Project: Blog

Introduction

This project will be a great way to practice and see the benefits of creating an API only backend. We're actually going to create the backend and two different front-ends for accessing and editing your blog posts. One of the front-end sites will be for people that want to read and comment on your posts while the other one will be just for you to write, edit and publish your posts.

Why are we setting it up like this? Because we can! If you already have a portfolio site and you want to add your blog posts to that site feel free to do that instead of creating a new site just for that. The important exercise here is setting up the API and then accessing it from the outside. There are some security benefits to setting up separate websites for blog consumption and blog editing, but really we're just doing it like this to demonstrate the power and flexibility of separating your backend code from your frontend code.

Assignment

  1. Begin by designing your back end models and schemas.

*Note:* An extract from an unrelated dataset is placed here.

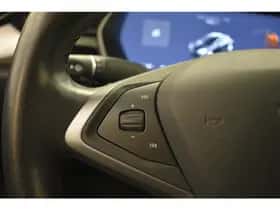 Tesla Model S (2018) thumbnail 17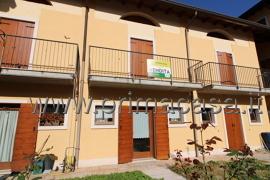 appartamento in vendita a Dolcè in zona Peri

How you design it is up to you, but you might want to think through a few things:

    • For a simple blog with only a single author you might not need a user model, but you might want to set up authentication so that you can protect the editing functions with a username and password. In that case, it might make sense to set up a minimal user model, even if you are the only user.

    • Your blog should have posts and comments, so think about the fields you are going to want to include for each of those.

    • Are you going to require users to leave a username or email with their comments?

    • Are you going to display a date or a timestamp for posts and comments?

    • Posts should probably have a title, but should comments?

    • A useful feature for a blog is the ability to have posts that are in the database but not published for the public to read. How might you designate published vs unpublished posts in your DB?

  2. Set up your express app, and define the models in mongoose.

  3. Set up your routes and controllers! Think about RESTful organization for this one. Most of the examples in the previous lesson were centered around posts and comments so this shouldn't be too tricky.

    • You can test your routes however you want. Using curl in a terminal is one handy way, but it can be just as effective to use a web browser. There are some platforms that allow you to send PUT and POST requests without needing to set up and fill out HTML forms. Postman is probably the most popular.

  4. Once your API is working you can focus on your front-end code. Really, how you go about this is up to you. If you are comfortable with a front-end framework then go for it! If you're happier using plain HTML and CSS that's fine too. All you should have to do to get your posts into a website is to fetch the correct API endpoint and then display the results. Working with fetch and APIs from a front-end perspective is covered in this lesson

  5. Create a second website for authoring and editing your posts. You can set this up however you like but the following features might be useful:

    • A list of all posts that shows whether or not they have been published.

    • A button to publish unpublished posts, or to unpublish published ones!

    • A 'NEW POST' form. If you want to get fancy, you could use a rich text editor such as TinyMCE.

    • The ability to manage comments (i.e. delete or edit them).

  6. How much work you want to put into the front-end code on this one is up to you. Technically this is a back-end focused course so if you don't actually need or want a blog on your website feel free to focus mainly on getting a REST API up and running.